# Dataset extract
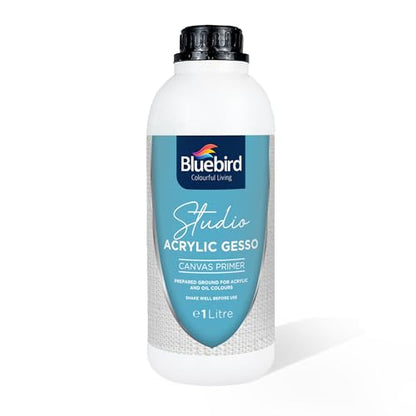 BLUEBIRD Studio Acrylic Gesso - Liquid Gesso Primer for Arylic Painting, Surface Prep Medium (White, 33.8 Fl Oz) - color: White, size: 33.8 Fl Oz (Pack of 1)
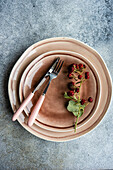 From above pink stoneware plates setting with fresh blackberries served on the dark concrete table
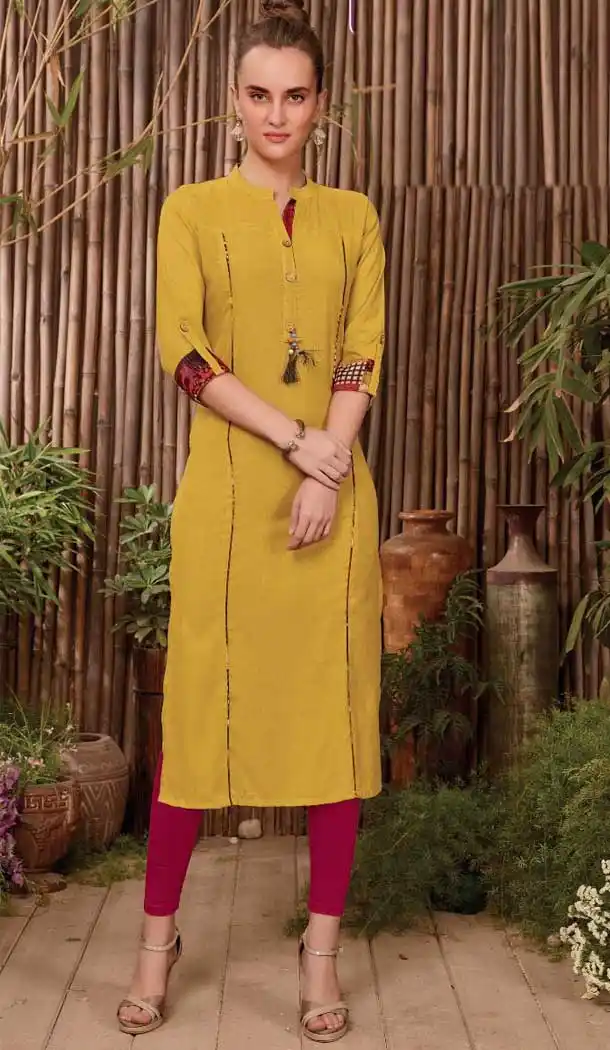 Rayon Yellow Color Casual Office Wear Readymade Kurti -474266222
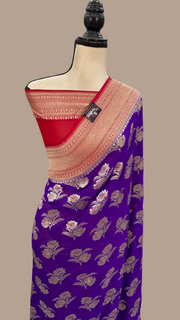 Khaddi Georgette Handloom Banarasi Saree - All over Jaal Work with meenakari - The Handlooms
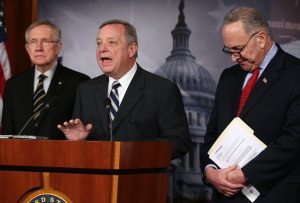 Democratic Senators Dick Durbin (c.) and Chuck Schumer (r.) are among a bipartisan group of legislators leading the comprehensive immigration reform negotiations. Photo: Mark Wilson/Getty Images 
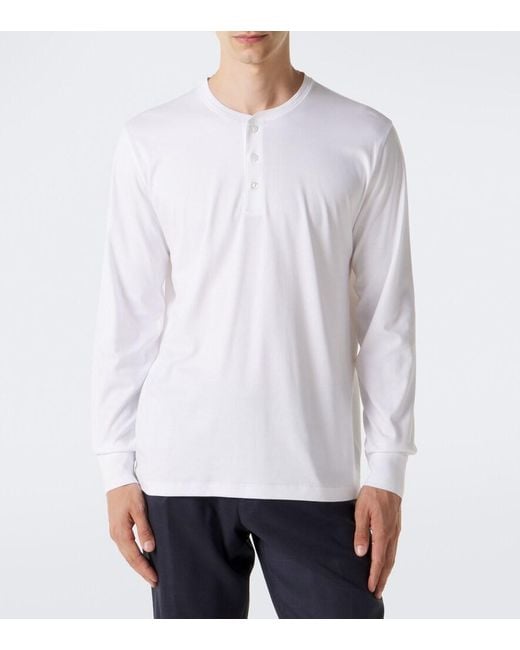 Ralph Lauren White Cotton Jersey Henley Shirt for men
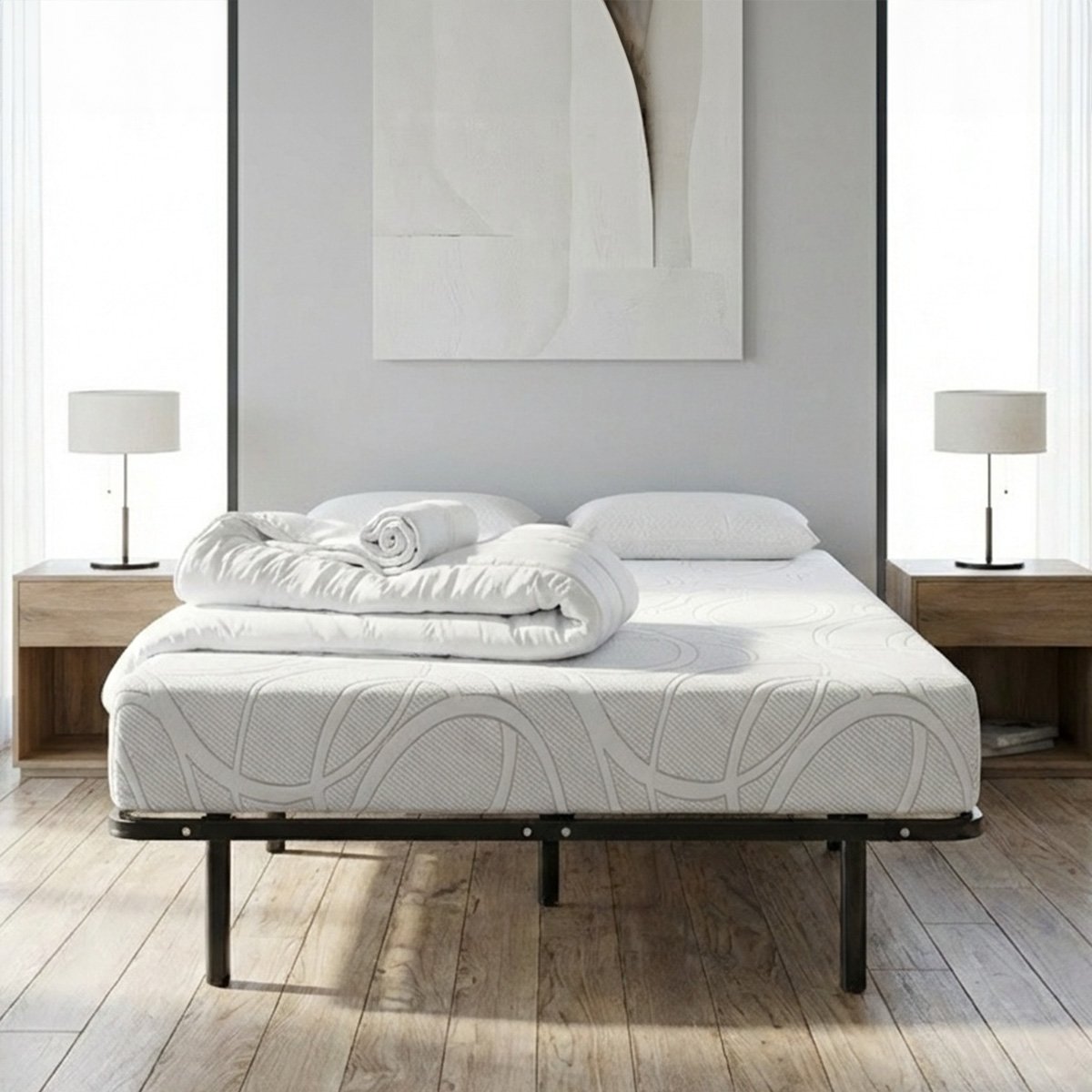 Prêt-à-dormir EUPRAXIE avec Cadre à lattes, Couette, Oreillers et Protège-matelas blanc, BELLECOUR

# Task
Begin with the line holding "Rayon Yellow Color" and end with the last line of the listing. Reproduce each of those lines exactly, and leave every picture out.

# Result of this exercise
 Rayon Yellow Color Casual Office Wear Readymade Kurti -474266222
 Khaddi Georgette Handloom Banarasi Saree - All over Jaal Work with meenakari - The Handlooms
 Democratic Senators Dick Durbin (c.) and Chuck Schumer (r.) are among a bipartisan group of legislators leading the comprehensive immigration reform negotiations. Photo: Mark Wilson/Getty Images 
 Ralph Lauren White Cotton Jersey Henley Shirt for men
 Prêt-à-dormir EUPRAXIE avec Cadre à lattes, Couette, Oreillers et Protège-matelas blanc, BELLECOUR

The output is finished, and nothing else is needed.